### What is being asked
Go through the entries, filter for the word "Honda", and copy every line that has it.

### Dataset extract
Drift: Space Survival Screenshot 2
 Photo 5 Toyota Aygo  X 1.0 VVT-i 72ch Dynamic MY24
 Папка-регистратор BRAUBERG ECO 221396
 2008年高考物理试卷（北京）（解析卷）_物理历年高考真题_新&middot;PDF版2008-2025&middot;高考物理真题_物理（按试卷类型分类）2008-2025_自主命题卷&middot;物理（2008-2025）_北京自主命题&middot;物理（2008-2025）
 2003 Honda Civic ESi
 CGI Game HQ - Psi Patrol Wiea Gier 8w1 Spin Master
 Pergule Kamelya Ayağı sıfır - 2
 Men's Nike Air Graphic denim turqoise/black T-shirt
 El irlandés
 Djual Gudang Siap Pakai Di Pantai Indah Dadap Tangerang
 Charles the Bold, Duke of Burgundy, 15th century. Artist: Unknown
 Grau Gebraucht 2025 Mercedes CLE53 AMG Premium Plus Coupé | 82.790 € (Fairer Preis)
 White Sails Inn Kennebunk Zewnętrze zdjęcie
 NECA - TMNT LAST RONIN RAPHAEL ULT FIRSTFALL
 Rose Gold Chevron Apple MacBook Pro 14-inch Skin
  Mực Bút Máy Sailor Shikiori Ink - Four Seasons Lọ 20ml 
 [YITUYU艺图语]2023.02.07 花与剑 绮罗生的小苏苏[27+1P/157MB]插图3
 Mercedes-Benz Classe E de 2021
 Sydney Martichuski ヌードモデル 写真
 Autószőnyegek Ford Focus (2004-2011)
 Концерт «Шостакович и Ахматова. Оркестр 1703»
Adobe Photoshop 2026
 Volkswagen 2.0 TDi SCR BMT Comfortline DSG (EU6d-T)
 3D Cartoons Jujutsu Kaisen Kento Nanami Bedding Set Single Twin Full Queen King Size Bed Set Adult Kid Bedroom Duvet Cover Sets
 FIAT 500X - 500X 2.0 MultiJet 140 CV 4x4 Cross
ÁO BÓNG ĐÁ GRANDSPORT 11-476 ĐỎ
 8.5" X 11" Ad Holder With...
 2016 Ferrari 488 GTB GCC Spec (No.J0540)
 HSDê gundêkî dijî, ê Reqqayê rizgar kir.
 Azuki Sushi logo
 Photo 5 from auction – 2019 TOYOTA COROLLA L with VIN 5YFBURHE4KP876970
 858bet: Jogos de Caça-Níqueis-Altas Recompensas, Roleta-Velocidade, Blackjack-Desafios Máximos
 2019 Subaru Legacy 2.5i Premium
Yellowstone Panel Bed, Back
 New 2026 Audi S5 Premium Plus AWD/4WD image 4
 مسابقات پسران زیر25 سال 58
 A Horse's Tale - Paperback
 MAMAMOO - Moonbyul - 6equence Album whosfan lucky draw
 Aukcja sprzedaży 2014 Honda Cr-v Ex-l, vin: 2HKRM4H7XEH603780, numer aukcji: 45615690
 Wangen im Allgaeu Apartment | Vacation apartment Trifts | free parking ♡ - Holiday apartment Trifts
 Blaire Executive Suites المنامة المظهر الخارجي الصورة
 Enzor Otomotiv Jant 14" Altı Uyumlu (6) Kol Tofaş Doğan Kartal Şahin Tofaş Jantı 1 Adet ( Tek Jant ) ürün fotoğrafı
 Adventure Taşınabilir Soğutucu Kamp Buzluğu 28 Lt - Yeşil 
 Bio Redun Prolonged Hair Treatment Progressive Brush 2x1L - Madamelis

### Exercise result
 2003 Honda Civic ESi
 Aukcja sprzedaży 2014 Honda Cr-v Ex-l, vin: 2HKRM4H7XEH603780, numer aukcji: 45615690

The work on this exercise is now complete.